JOHN ANDREA RIZIKI,PAUL NJUGUNA NG'ANG'A,JULIUS PAUL KANGETHE,PETER MWANGI NG'ANG'A,STEPHEN NJOROGE MUCHERU,KAMAU MWANGI GERALD,JAMES ERERE NJINE,FREDRICH MARITHI NJERU,PATRICK CHEGE GITHUMA,DAVID GIKUMA WAWERU,DANIEL KAMAU KIMANI,AMOS NJORO,DAVID MU [2000] KECA 273 (KLR)
Full Case Text
REPUBLIC OF KENYA IN THE COURT OF APPEAL AT NAIROBI
CRIMINAL APPEAL NO. 81 OF 1999 BETWEEN
1. JOHN ANDREA RIZIKI
2. PAUL NJUGUNA NG'ANG'A
3. JULIUS PAUL KANGETHE
4. PETER MWANGI NG'ANG'A
5. STEPHEN NJOROGE MUCHERU
6. KAMAU MWANGI GERALD
7. JAMES ERERE NJINE
8. FREDRICH MARITHI NJERU
9. PATRICK CHEGE GITHUMA
10. DAVID GIKUMA WAWERU
11. DANIEL KAMAU KIMANI
12. AMOS NJOROGE
13. DAVID MUYA KARIUKI
14. JOSPHAT MUCHORI WAWERU
15. WILSON MWANGI KIGUME
16. PETER MWANGI KAHUTA
17. JAMES KABIRO MUCHORI...........................APPELLANTS
AND
REPUBLIC..............................................................RESPONDENT
(Appeal from an Order of the High Court of Kenya at Nairobi (Mr. Justice V.V. Patel) dated 4th August, 1999
in
CRIMINAL REVISION NO. 9 OF 1999)
*********************** JUDGMENT OF THE COURT
This is an appeal against an order for Revision made by the superior court (V.V. Patel, J) on 4th August, 1999 by which he, suo moto, set aside the proceedings which followed the entry of plea of guilty by all the seventeen appellants here.

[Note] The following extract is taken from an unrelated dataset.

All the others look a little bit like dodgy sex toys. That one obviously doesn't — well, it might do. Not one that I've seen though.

The order for Revision was made in respect of the 'conviction' and sentence entered by Mr. A. El-Kindy, a Senior Resident Magistrate at Kibera. The history of the matter is that the seventeen appellants were charged before the said court at Kibera on two counts particulars whereof are as follows:
Count 1:On the 31st day of December, 1998 the seventeen accused persons, along Duruma Road, in Nairobi, within Nairobi area, jointly with others not before the court broke and entered to (sic) KEBERE SHOW MAKERS SHOP and stole therein five doors, 3 tables, a chair, a National T.V., two radio cassettes, one video tape, three suit cases, 5 sufuria, 30 spoons, one form bench and assorted clothes all valued K.shs.332,000/= the property of Mr. Antony Mwangi Njoroge.

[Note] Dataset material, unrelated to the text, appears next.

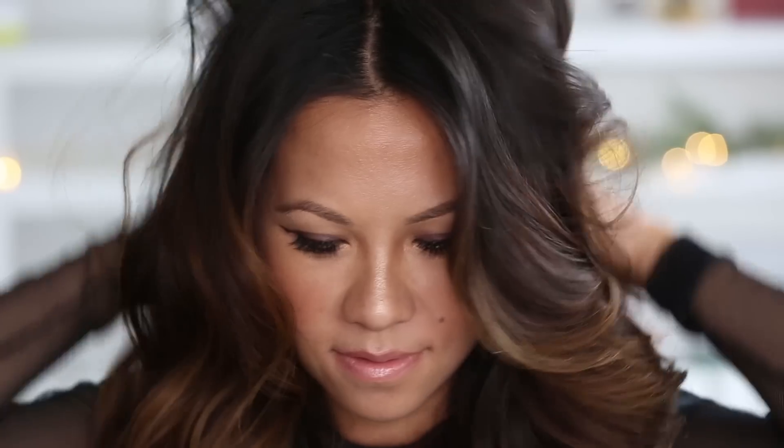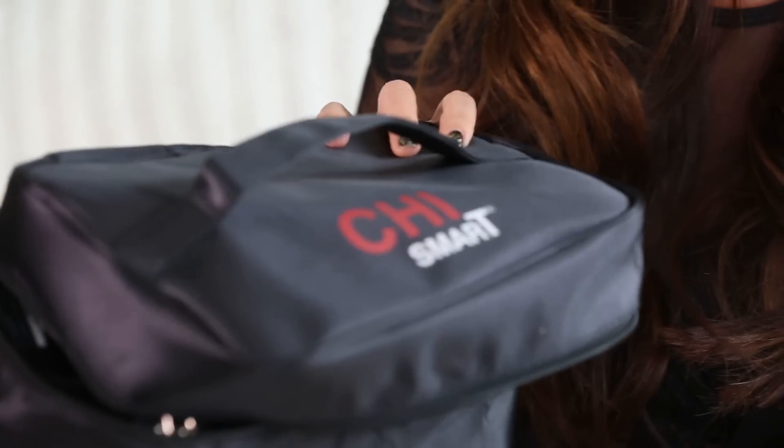Hi guys, I'm makeup artist Nan Vo, and today I'm so excited to show you how to do big, glamorous, bouncy curls using these Chi hot rollers. And they're not what your mama's hot rollers were in the 80s. These are ceramics, super easy to use, and let me show you how. Let's get started.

Count 2:On the 31st day of December, 1998 the seventeen accused persons along Duruma Road in Nairobi within Nairobi area, jointly with others not before court broke and entered AMMOKAH ELECTRONIC SALES and stole from therein cash Kshs.50,000/= and assorted electrical goods all valued Kshs.1,520, 85O/= the property of MR. AMOS KIBUCHA KANAI.

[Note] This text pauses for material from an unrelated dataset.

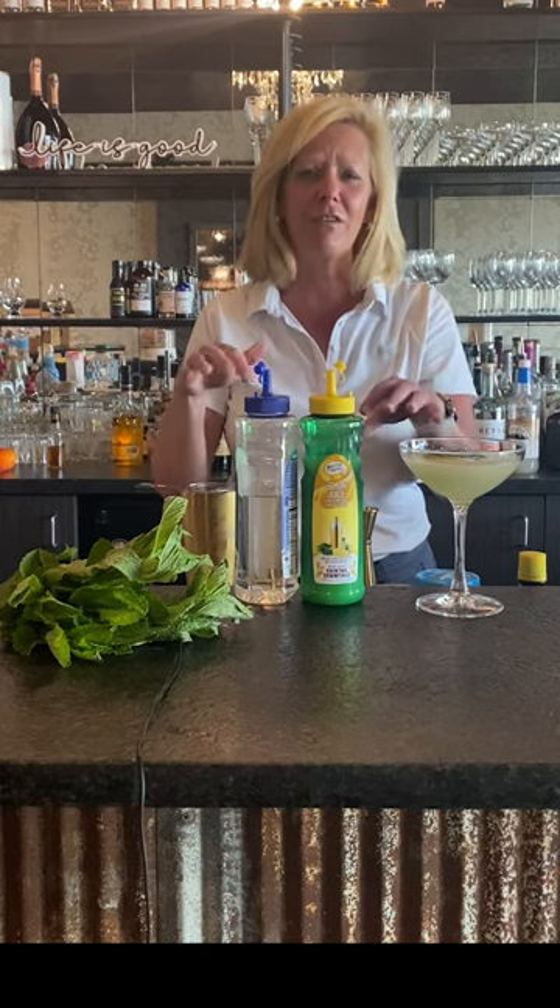Now that is a super fun, colorful cocktail, easy to make for summer. Enjoy.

The appellants appeared before the Magistrate on 4th January, 1999 and pleaded not guilty to both the counts. They were released on bond of Kshs.50,000/= each with one surety of like amount and the hearing was fixed for 1st March, 1999.
On 1st March, 1999 all the appellants appeared before Mr. El-Kindy and after an order for adjournment of the hearing of the case to 8th April, 1999 sought to change their plea, from not guilty to guilty. The learned Magistrate then entered a plea of guilty for all of them and recorded the facts relating to the offences in question as nerrated by the prosecution. The appellants accepted such facts as correct. The learned Magistrate thereafter did not record a conviction as mandated by section 207(2) of the Criminal Procedure Code (the Code) which reads:-
"(2)If the accused person admits the truth of the charge his admission shall be recorded as nearly as possible in the words used by him, and the court shall convict him and pass sentence upon him or make an order against him, unless there appears to it sufficient cause to the contrary."
Instead of first recording a conviction the magistrate listened to the appellants' plea in mitigation which plea by each one of them monotonously reads "I ask for leniency."
The learned magistrate then ruled:
"Mitigation is considered. Each is given a conditional discharge under Section 35(1) P.C. Right of appeal explained."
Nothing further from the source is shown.